• Task goal
In the answer, give the entries below exactly, from the first line through the line with "Par de Peças", with every picture omitted.

• Records contained in a dataset
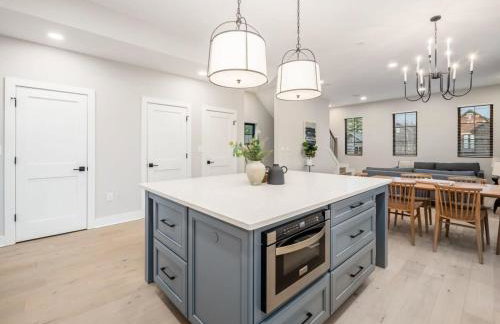 Chateau in the Village - Brand New 3BD 5BA - Foto 22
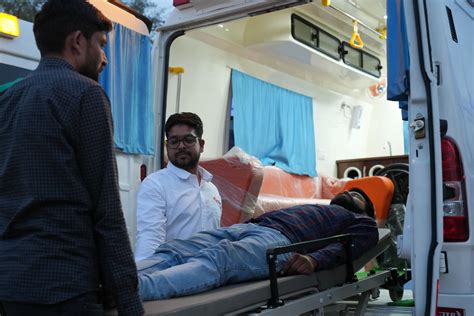 ambulance service  ahmedabad call  goaid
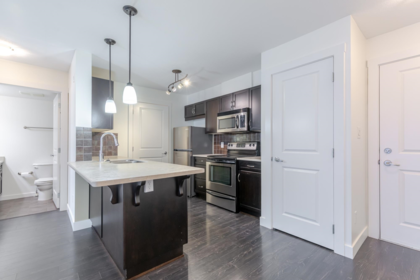 204 2038 Sandalwood Crescent, Abbotsford, BC, Abbotsford — Apartment/Condo for sale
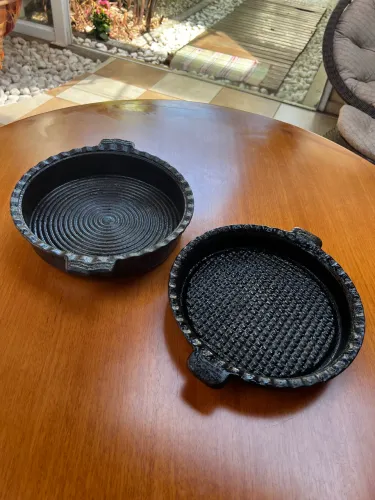 Par de Peças Vintage em Ferro Fundido Maciço - 27 cm e 26 cm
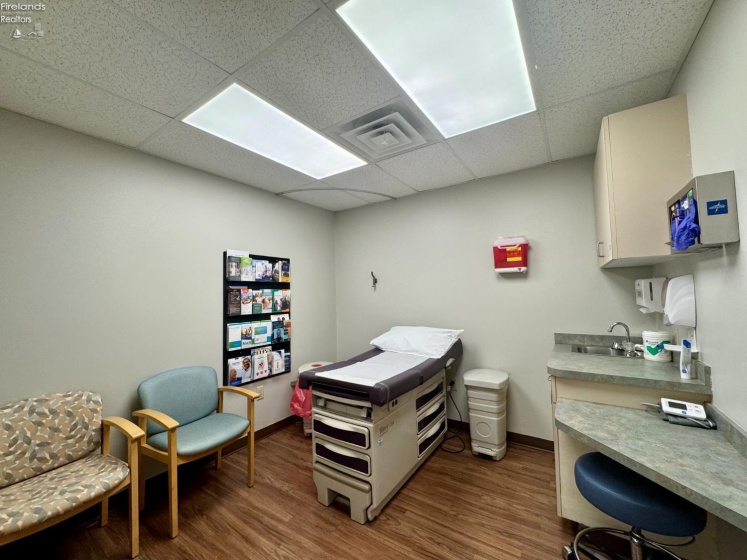 1355 Main Street, Bellevue, 44811, ,Commercial For Lease,For Lease,Main,20261401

• Response to the task
 Chateau in the Village - Brand New 3BD 5BA - Foto 22
 ambulance service  ahmedabad call  goaid
 204 2038 Sandalwood Crescent, Abbotsford, BC, Abbotsford — Apartment/Condo for sale
 Par de Peças Vintage em Ferro Fundido Maciço - 27 cm e 26 cm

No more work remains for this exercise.